HCL Tech (HCLT) in Q3FY23 delivered CC QoQ revenue growth of 5 percent, much above the 3 percent growth that the brokerage was estimating, largely driven by the 30.5 percent QoQ growth delivered by HCLT Software, noted NB. The company has indicated that 4QFY23 should see softness on a QoQ basis but the brokerage feels that the management sounded optimistic on the medium growth picture though it dropped hints that there could be a few soft quarters in the foreseeable future.
The brokerage feels that the firm seems to be assuming that there is going to be a no-recession situation in the US in CY23. The positive view also likely stems from a rather strong net new order inflow that the company has seen in the last few quarters.

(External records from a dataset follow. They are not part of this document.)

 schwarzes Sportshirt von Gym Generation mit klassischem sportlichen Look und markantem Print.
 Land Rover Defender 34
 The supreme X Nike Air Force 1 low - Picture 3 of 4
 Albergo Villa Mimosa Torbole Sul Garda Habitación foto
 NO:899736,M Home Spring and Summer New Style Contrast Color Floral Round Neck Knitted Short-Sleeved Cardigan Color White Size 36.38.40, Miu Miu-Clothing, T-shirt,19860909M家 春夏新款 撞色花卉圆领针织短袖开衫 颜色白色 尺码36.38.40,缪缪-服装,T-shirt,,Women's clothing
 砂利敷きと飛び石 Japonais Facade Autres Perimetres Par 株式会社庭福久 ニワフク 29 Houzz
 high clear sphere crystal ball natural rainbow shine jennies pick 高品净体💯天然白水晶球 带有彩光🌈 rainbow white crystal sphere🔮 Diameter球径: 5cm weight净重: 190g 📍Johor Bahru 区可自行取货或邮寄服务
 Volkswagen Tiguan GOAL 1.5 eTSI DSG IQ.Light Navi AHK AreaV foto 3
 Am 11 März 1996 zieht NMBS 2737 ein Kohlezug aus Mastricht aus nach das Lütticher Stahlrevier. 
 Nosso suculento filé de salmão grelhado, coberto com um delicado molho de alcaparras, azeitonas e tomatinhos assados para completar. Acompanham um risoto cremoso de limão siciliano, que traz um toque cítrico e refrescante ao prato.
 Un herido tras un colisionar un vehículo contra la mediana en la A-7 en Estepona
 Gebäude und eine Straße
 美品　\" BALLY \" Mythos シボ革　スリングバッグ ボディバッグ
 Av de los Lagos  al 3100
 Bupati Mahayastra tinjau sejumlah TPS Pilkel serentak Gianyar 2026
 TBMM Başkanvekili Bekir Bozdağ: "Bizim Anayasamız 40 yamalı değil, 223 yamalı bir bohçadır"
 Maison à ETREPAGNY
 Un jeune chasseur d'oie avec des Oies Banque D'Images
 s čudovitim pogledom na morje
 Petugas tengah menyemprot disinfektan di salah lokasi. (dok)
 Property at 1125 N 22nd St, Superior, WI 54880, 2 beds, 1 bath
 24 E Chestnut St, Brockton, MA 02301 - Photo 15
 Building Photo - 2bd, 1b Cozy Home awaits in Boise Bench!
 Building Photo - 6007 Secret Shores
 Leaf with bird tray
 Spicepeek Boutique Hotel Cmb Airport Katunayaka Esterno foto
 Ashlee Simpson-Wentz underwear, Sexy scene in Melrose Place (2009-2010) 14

While FY23 is in the bag, NB believes that growth will materially slow down in FY24. It believes that HCLT will also feel the negative impact of the stagflationary environment developing in the western world, which will likely affect tech spending in FY24 and as macro deteriorates, it sees clients wanting to squeeze pricing on this part of their spend.
The brokerage has a buy call on Infosys with a target price of ₹1,815, implying an upside of 22.5 percent. Meanwhile, for HCL Tech, it has an add call with a target of ₹1,090, indicating an upside of just 1.6 percent.
As per the brokerage, key drivers for Infosys in Q3 include strong deal bookings, commentary on pipeline supporting growth visibility, recovery expected in North America, acceleration in vendor consolidation, and cost take-out deals reflected in the growth in core services. On the flip side, however, large deal aggression is getting reflected in higher pass-through components and BFSI vertical (-1.7 percent QoQ) underperformed, impacted by higher furlough, some project completion, and softness in mortgage & investment banking sub-segments.
HCL Tech (HCLT) posted in-line services revenue and higher-than-estimated software revenue, driven by Q3 seasonality, said the brokerage. Key positive catalysts for HCLT in Q3 were an increase in large deal wins supported by infra services led cost optimisation and vendor consolidation, synergy services deals from the software installed base and stability in the software business, it noted.